Карл-Александр кипел. Ведь он был популярен в герцогстве, его портрет висел чуть не во всех горницах, народ встречал его криками «ура»! А эти парламентские канальи, эти зажиревшие сопляки и кичливые плебеи шлют ему такую пакостную мазню.

Так он сидел, пил, бранился. Потом вдруг сорвал меховую полость, которой Нейфер обернул ему ногу, и зашагал взад и вперед. Корона! Старый жид предсказывал ему корону! Вот шарлатан! Хороша корона!
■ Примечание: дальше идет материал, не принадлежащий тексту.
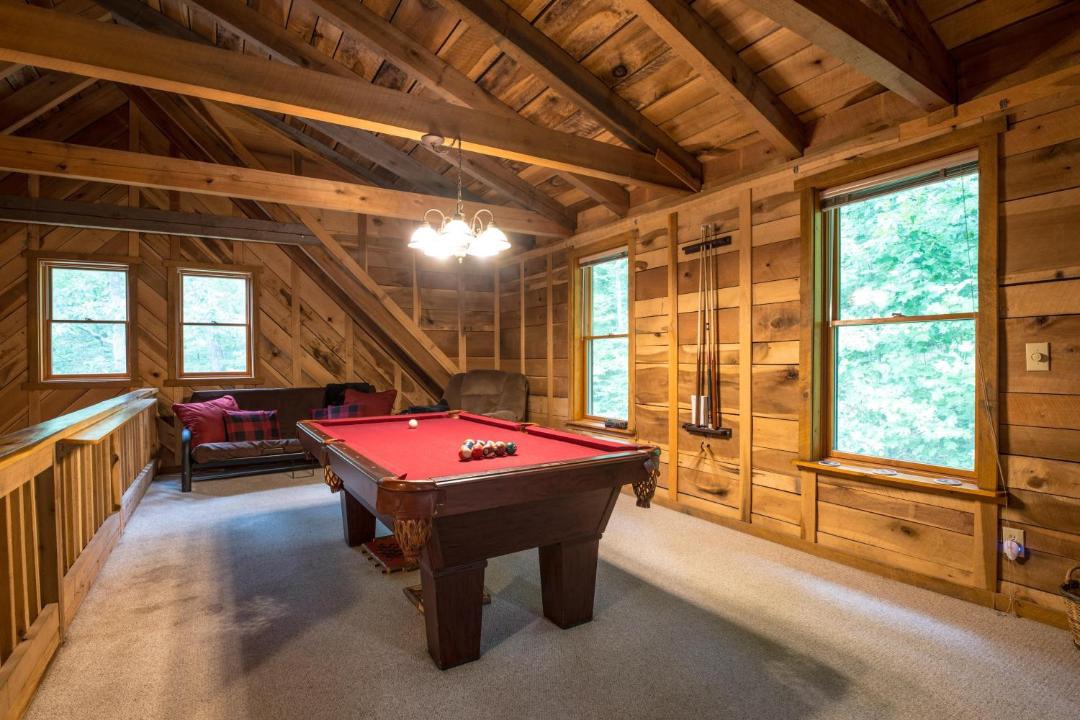 Photo of Livingroom in Helmsburg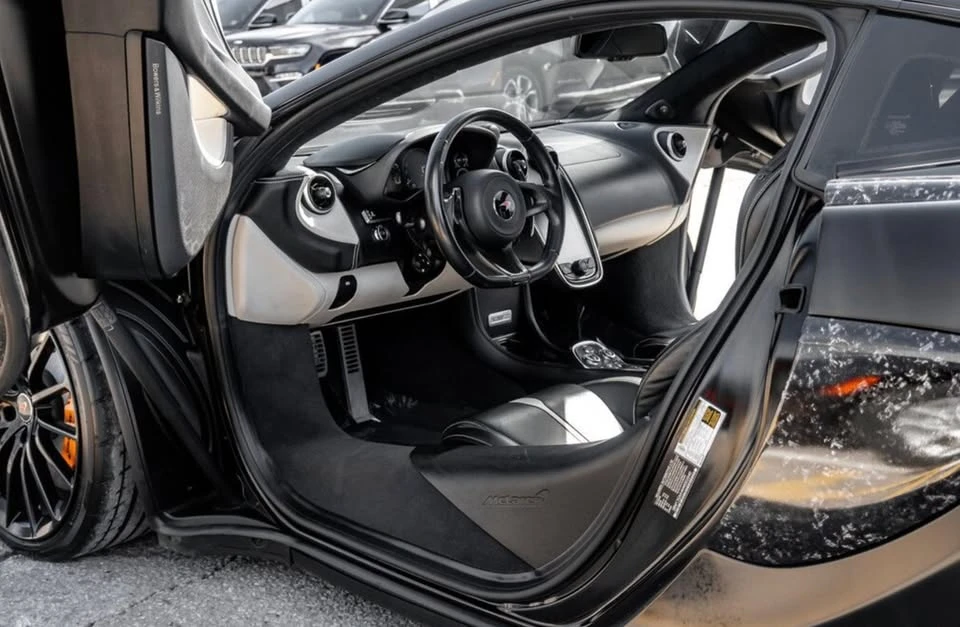 2017 McLaren 570GT - Image 16 of 20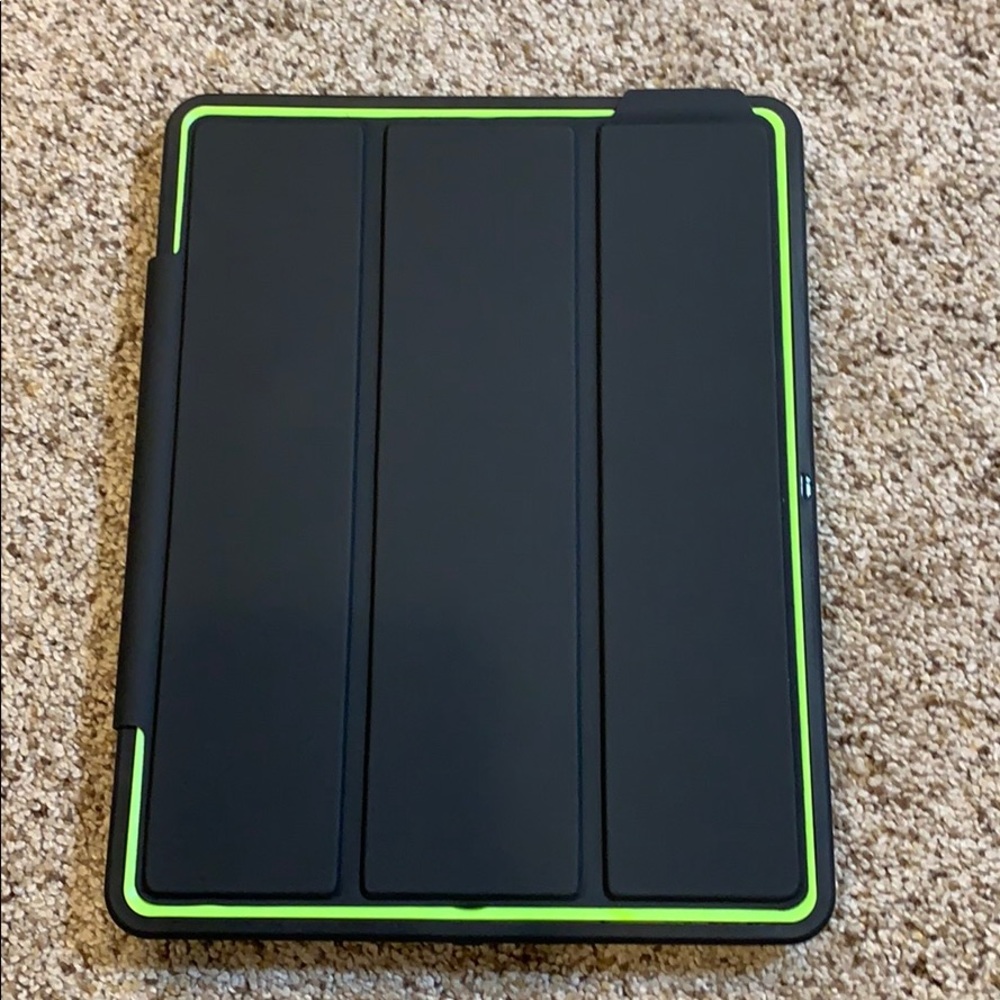 NWT iPad Hard Case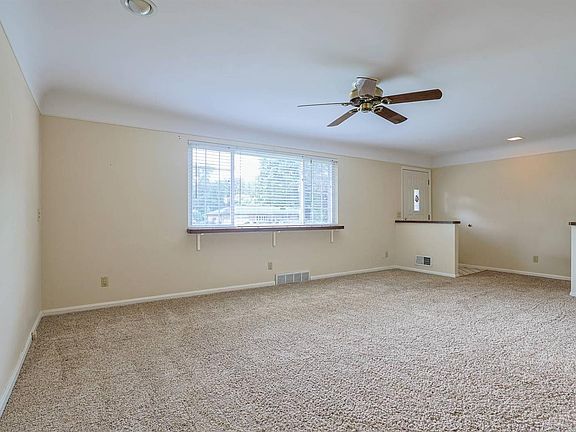 5th image of 9154 Silva Dr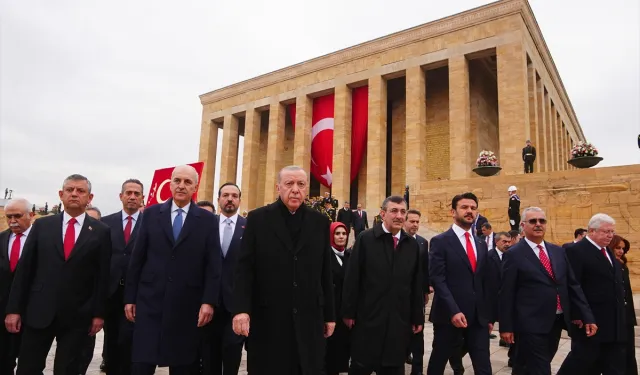 Devlet Erkânından Anıtkabir’e 29 Ekim Ziyareti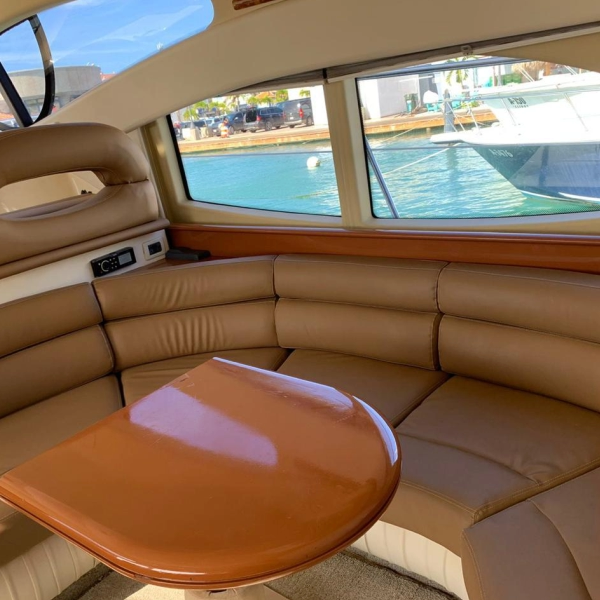 Azimut Luxury Yacht in Aruba 06
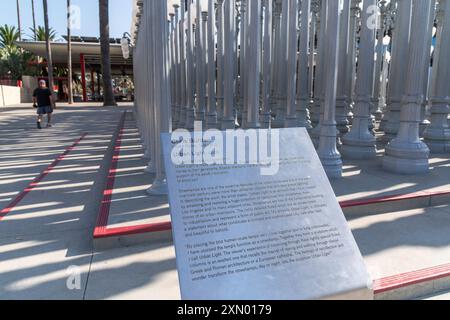 Los Angeles, CA, USA: 26. Juli 2024: Nahaufnahme eines Schildes für die Urban Light Skulptur des Künstlers Chris Burden im Los Angeles County Museum of Art in Stockfoto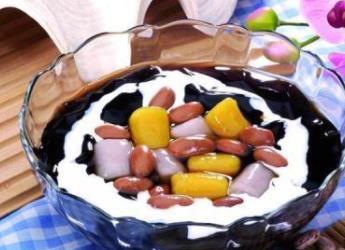 芋圓甜品品牌十大排行榜 鮮芋仙堅持以純手感遵循傳統(tǒng)工法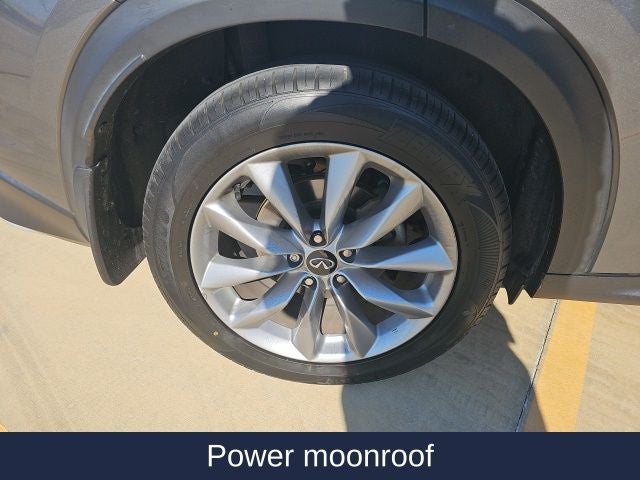 2022 INFINITI QX50 LUXE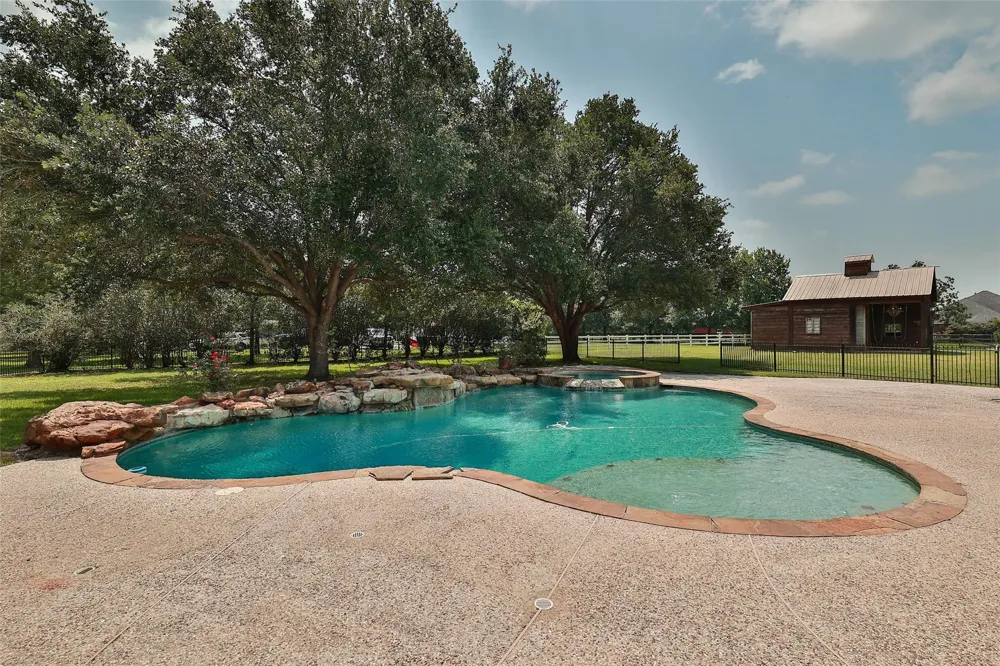 19907 Stone Lake Circle Tomball, TX 77377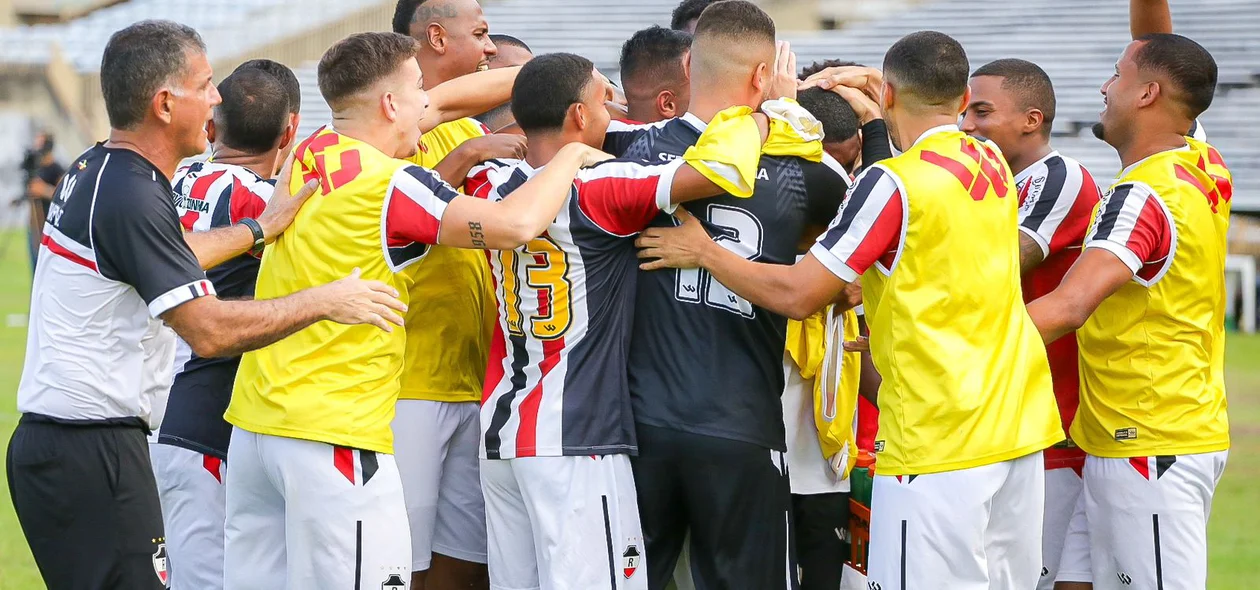 Jogadores do River comemoram gol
Он, Карл-Александр, – босяк и проходимец, раз чернь смеет швырнуть ему в лицо такую пакостную писанину. Он бранился так люто и кощунственно, что возвращавшийся с празднества Зюсс, перепугавшись, тут же ночью пристал с расспросами к камердинеру. Но Нейфер, не терпевший еврея, не пожелал ответить.

Назавтра, среди дня, после двукратных тщетных попыток, Зюсс наконец был допущен к принцу. Он бесшумно вошел в комнату, на нем были новые чулки особого фасона, которые ему хотелось показать принцу; его высочество всегда изволили интересоваться вопросами моды. Кроме того, он хотел рассказать о вчерашнем празднике. Но таким гневным он еще никогда не видел принца. Голым колоссом стоял Карл-Александр посреди комнаты, а Нейфер и чернокожий лили на него ушатами воду и растирали его. Он швырнул Зюссу послание ландтага, и пока тот, притихнув, пробегал письмо, принц, отплевываясь и отряхиваясь, накинулся на него:

– Хорош маг твой дядюшка! Здорово ты мне удружил им. Недурная у меня корона!

Зюсс был искренне возмущен грубым ответом ландтага и принялся было в изысканных выражениях высказывать принцу свое негодование по поводу подобной наглости и свою готовность служить ему. Но принц, озлобленный против всех, увидав, как франтоватый Зюсс стоит и держит в руке подлое письмо, неожиданно приказал:

– Нейфер! Отман! Окрестите еврея! Пусть учится плавать!

Камердинер и чернокожий немедленно выплеснули на Зюсса целый каскад мыльной воды, а собачонка принца, тявкая, бросилась на него, и перепуганный еврей поспешно ретировался в насквозь промокших штанах и новых чулках, в попорченных башмаках, под громкий хохот принца и слуг.

Зюсс даже не подумал обижаться на фельдмаршала. У знатных господ всякие бывают причуды, так уж оно повелось. Они имеют на это право, и роптать тут не приходится. Снимая мокрую одежду, он решил, что в следующий раз явится еще более покорно свидетельствовать свой решпект и, наверно, будет лучше встречен.

В тот же день прибыл вюрцбургский тайный советник Фихтель. Невзрачный человечек, с узким и умным лицом, тут же, не мешкая, посетил принца.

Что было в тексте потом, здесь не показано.